AI-powered quiz generator for regulatory, certification, and educational documentation

Project description

quiz-gen

Python 3.10+ License: MIT PyPI version Tests Coverage GitHub last commit Downloads

AI-powered quiz generator for regulatory, certification, and educational documentation.
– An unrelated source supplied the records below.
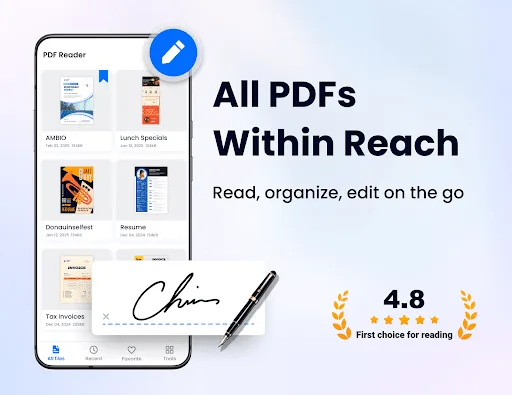 PDF Reader - PDF Editor Android app screenshot 1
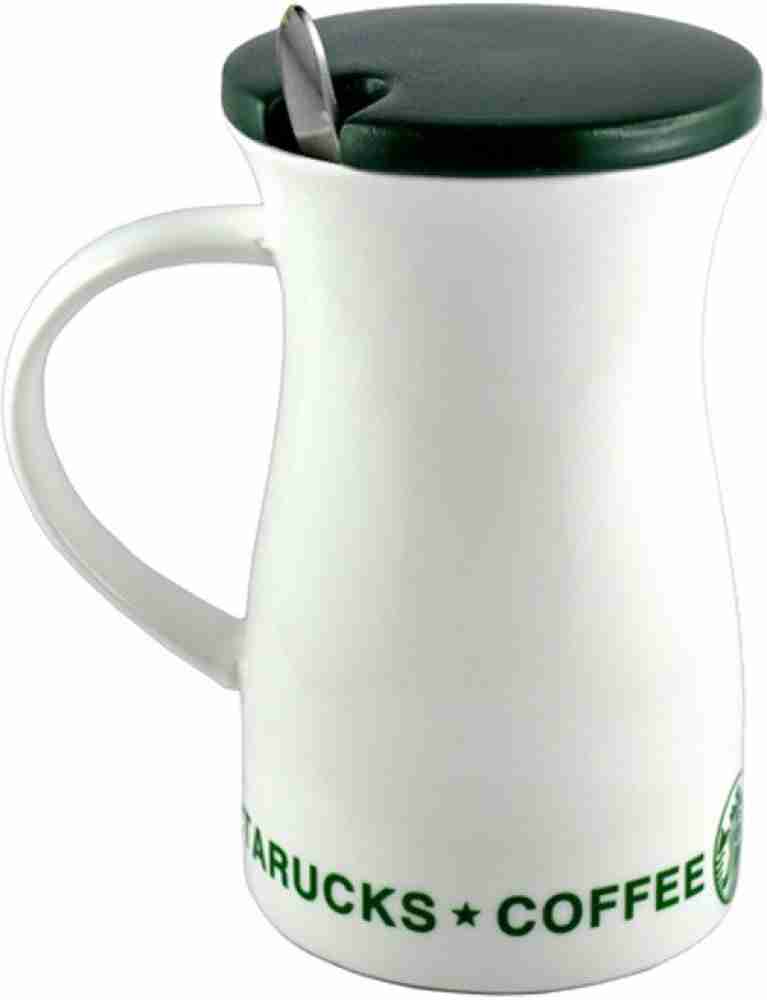 Volik Starbucks With Trey & Spoon Ceramic Coffee Mug Price in India - Buy  Volik Starbucks With Trey & Spoon Ceramic Coffee Mug online at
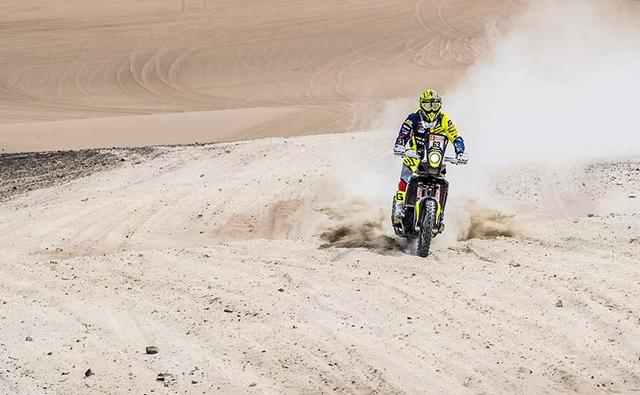 Stage 2 of the 2019 Dakar Rally was the first long stage of the season and posted some challenging stretches for the riders. Participants travelled a total distance of 552 km between Pisco and San Juan de Marcona, with 342 km of the competitive section. The day saw riders face navigational challenges in the dunes apart from the multiple tracks left by cars that started earlier in the day. Leading the charge between Hero MotoSport and Sherco TVS was the latter as rookie Lorenzo Santolino climbed the ranks from 24th in Stage 1 to finish 14th at the end of the Day 2. The young rider rode for most of the stage in top 10, promising a brilliant show in the days to come. The other riders, meanwhile had a host of other challenges at both camps only to overcome the same to complete the stage at the finish line.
Extract structured content from complex legal and technical documents to create comprehensive learning materials.

Features

  • Multi-Agent Quiz Generation: Generate, validate, and judge questions using configurable providers/models
  • EUR-Lex Document Parser: Parse and structure EU legal documents with full table of contents extraction
  • Hierarchical Document Analysis: Identify structure including chapters, sections, articles, recitals, annexes, and appendices
  • Intelligent Chunking: Extract meaningful content chunks for articles, recitals, annexes, and appendices

Installation

pip install quiz-gen

Quick Start

Parsing EUR-Lex Documents

from quiz_gen import EURLexParser

# Parse a regulation document
url = "https://eur-lex.europa.eu/legal-content/EN/TXT/HTML/?uri=OJ:L_202401689"
parser = EURLexParser(url=url)
chunks, toc = parser.parse()

# Access structured content
print(f"Extracted {len(chunks)} content chunks")
print(f"Document has {len(toc['sections'])} major sections")

# Save results
parser.save_chunks('output_chunks.json')
parser.save_toc('output_toc.json')

Working with Chunks

# Iterate through extracted chunks
for chunk in chunks:
    print(f"{chunk.title}")
    print(f"Type: {chunk.section_type.value}")
    print(f"Number: {chunk.number}")
    print(f"Content: {chunk.content[:200]}...")
    print(f"Hierarchy: {' > '.join(chunk.hierarchy_path)}")
    print()

Displaying Table of Contents

# Print formatted TOC
parser.print_toc()

# Output:
# PREAMBLE
#   Citation 
#   Recital 1
#   Recital 2
#   ...
# 
# ENACTING TERMS
#   CHAPTER I - PRINCIPLES
#     Article 1 - Subject matter and objectives
#     Article 2 - Scope

Multi-Agent Quiz Generation

Quiz generation uses four specialized agents (conceptual, practical, validator, judge). Providers are configurable per agent, with supported providers: Anthropic, Google, Mistral, and OpenAI. Any text-generation model name from these providers can be passed directly. The package relies on provider defaults for generation parameters.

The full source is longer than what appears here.